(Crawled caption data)

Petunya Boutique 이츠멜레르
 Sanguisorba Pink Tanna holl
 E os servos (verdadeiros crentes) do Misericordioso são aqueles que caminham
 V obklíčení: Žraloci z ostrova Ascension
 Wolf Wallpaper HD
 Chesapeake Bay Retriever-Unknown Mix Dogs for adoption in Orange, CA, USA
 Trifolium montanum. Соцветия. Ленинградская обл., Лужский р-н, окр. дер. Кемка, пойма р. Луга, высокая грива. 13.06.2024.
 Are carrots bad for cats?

---

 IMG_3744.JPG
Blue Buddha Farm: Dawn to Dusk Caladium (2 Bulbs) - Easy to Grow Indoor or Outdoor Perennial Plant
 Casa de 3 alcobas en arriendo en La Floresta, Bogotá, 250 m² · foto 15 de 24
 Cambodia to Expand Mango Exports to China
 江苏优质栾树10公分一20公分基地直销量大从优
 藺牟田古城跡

_ASSIGNMENT_
Reproduce exactly the entries above, limited to the lines from the one with "Petunya Boutique 이츠멜레르" through the one with "Are carrots bad for cats?", both included.

_REPLY TO THE TASK_
Petunya Boutique 이츠멜레르
 Sanguisorba Pink Tanna holl
 E os servos (verdadeiros crentes) do Misericordioso são aqueles que caminham
 V obklíčení: Žraloci z ostrova Ascension
 Wolf Wallpaper HD
 Chesapeake Bay Retriever-Unknown Mix Dogs for adoption in Orange, CA, USA
 Trifolium montanum. Соцветия. Ленинградская обл., Лужский р-н, окр. дер. Кемка, пойма р. Луга, высокая грива. 13.06.2024.
 Are carrots bad for cats?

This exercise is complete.